2.5 Utilizing the nomogram
To improve the practicability of our model, we established a nomogram of 1-year, 3-year and 5-year survival probability based on our model (Fig. 3). The nomogram consisted of eleven rows. The first “points” row was the point assignment for each variable. For an individual patient, each variable (rows 2–7) was assigned a point value by drawing a vertical line between the exact variable value and the first “points” row. Subsequently, the total points could be obtained by summing all of the allotted points for the six variables (rows 2–7). The total point sum was found in the ‘‘total points’’ row. Finally, the 1-, 3-, and 5-year survival probability could be predicted by drawing a vertical line between the ‘‘total points’’ row and the “predicted probability” rows (rows 9–11, respectively).

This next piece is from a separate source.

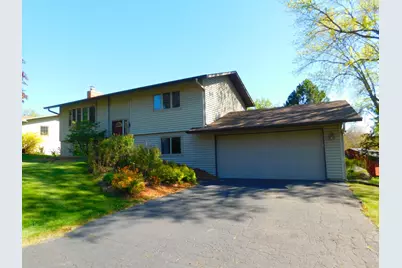 931 Dawn Avenue, Shoreview, MN 55126 - Photo 2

2.6 Model discrimination and calibration
As expected, this extended Cox prognostic model showed good discrimination. Figure 4 shows the ROC curves for BCSM at 1 year, 3 years, and 5 years postoperatively. The AUCs for BCSM at 1 year, 3 years, and 5 years postoperatively are shown in Table VI. The AUC values for BCSM at 1 year, 3 years and 5 years postoperatively were all larger than 0.80. The AUC value for BCSM at 3 years postoperation was as high as 0.94, with a 95% CI from 0.89 to 0.99. Therefore, our extended Cox prognostic model showed good discrimination.
The extended Cox prognostic model was also well calibrated by the GOF test [21]. We grouped the risk scores into 10 groups and then calculated the GOF statistic 7.37, with a P-value of 0.6 (> 0.05) [22]. These results indicated that our extended Cox prognostic model fit was good.